Data Science / Machine learning / R News / TensorFlow

Simple Matrix Factorization with TensorFlow

by Sara · December 21, 2016

This article is originally published at https://hameddaily.blogspot.com/

This post aims to illustrate use of TensorFlow framework for implementing a simple Matrix Factorization (MF). MF is one of the widely used recommender systems that is especially exploited when we have access to tons of user explicit or implicit feedbacks. For details about matrix factorization and collaborative system refer to this paper.
For the purpose of this post we explore a simple movie recommendation by using the data from MovieLens.

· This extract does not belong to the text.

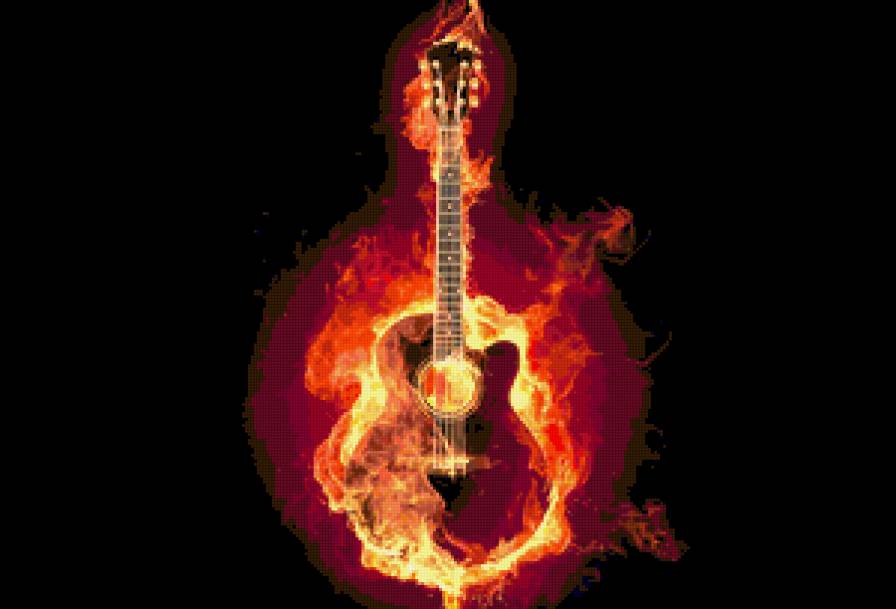 гитара, огонь - красиво, огонь, гитара - предпросмотр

The dataset is downloaded from MovieLens 100K Dataset. It contains of 100,000 ratings (1-5) from 943 users on 1682 movies. The u.date represents the rating in sparse format of (userid, movieid, rating, timestamp).

Load the data


import pandas as pd
df = pd.read_csv('u.data', sep='\t', names=['user','item','rate', 'time'])
msk = numpy.random.rand(len(df)) < 0.7
df_train = df[msk]
user_indecies = [x-1 for x in df_train.user.values]
item_indecies = [x-1 for x in df_train.item.values]
rates = df_train.rate.values

We use 70% of the data for training. The rest will be used later for testing and accuracy calculation. The last two lines is for shifting the Ids to 0 (from 1).

Variables

In matrix factorization user rating $r$ is formulated as an inner product of two latent vectors $\vec{u}$ and $\vec{p}$ which are two latent vectors in same space to represent the user interest and movie feature respectively.
\[\hat{r} = \vec{u}^t\vec{p}\] We define these two latent variables in TensorFlow as follows: U that shows latent representation of user interest and P that represents the latent values for items.


feature_len = 10
U = tf.Variable(initial_value=tf.truncated_normal([943,feature_len]), name='users')
P = tf.Variable(initial_value=tf.truncated_normal([feature_len,1682]), name='items')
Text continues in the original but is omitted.